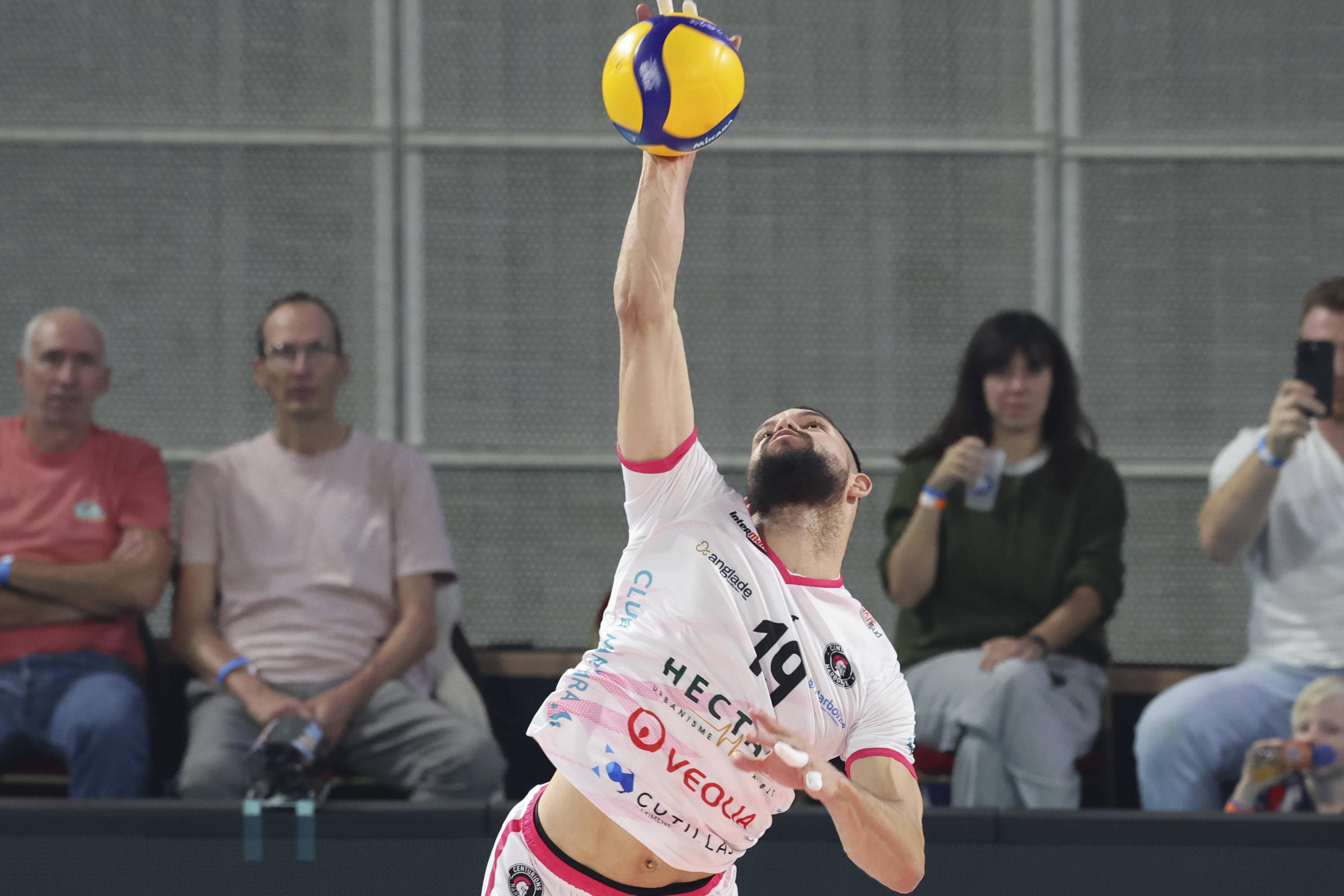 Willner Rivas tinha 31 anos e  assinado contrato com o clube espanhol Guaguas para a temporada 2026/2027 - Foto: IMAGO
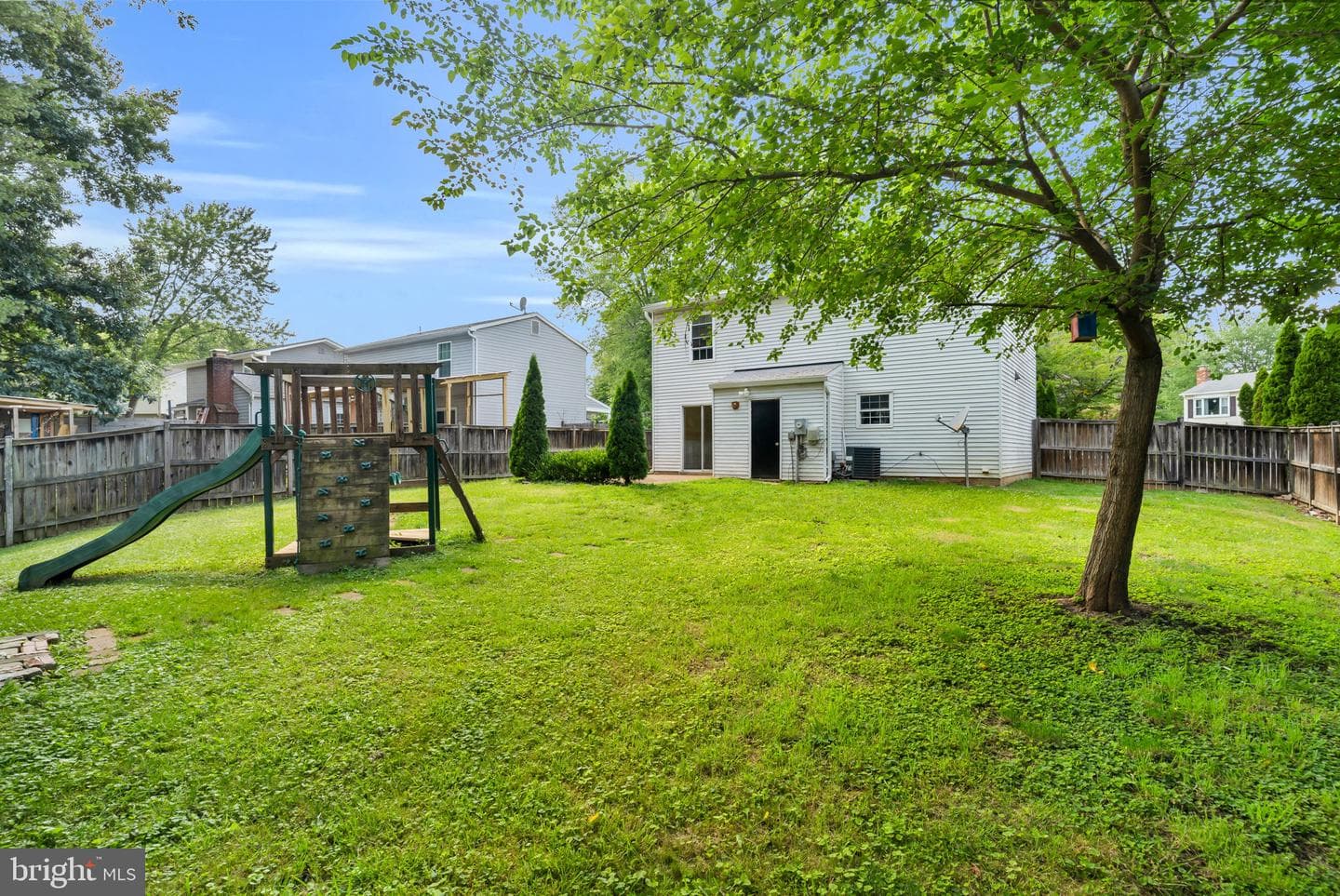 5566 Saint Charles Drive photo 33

==

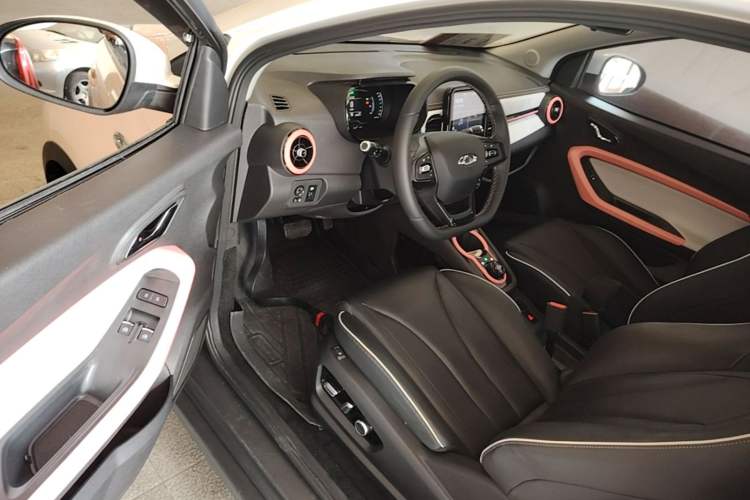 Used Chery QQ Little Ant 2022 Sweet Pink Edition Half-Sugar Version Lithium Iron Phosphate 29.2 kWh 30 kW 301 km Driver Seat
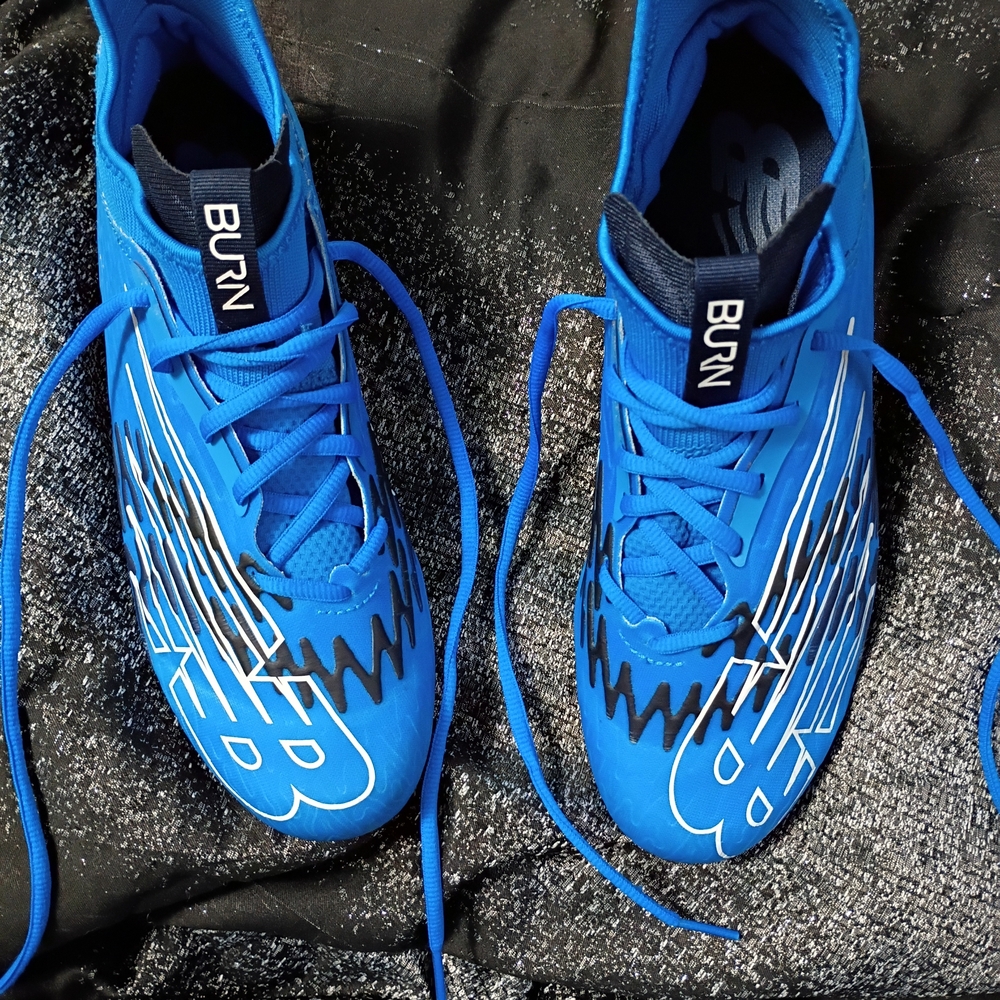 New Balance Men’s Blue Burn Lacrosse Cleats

* * *

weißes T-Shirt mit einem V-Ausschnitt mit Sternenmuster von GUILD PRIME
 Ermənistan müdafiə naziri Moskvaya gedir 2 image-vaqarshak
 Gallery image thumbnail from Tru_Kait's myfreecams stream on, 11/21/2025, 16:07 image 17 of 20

| How to complete this task |
Look above for the line containing "Ermənistan müdafiə naziri". Output from there through the line containing "Gallery image thumbnail", exactly and inclusively.

| Written solution |
 Ermənistan müdafiə naziri Moskvaya gedir 2 image-vaqarshak
 Gallery image thumbnail from Tru_Kait's myfreecams stream on, 11/21/2025, 16:07 image 17 of 20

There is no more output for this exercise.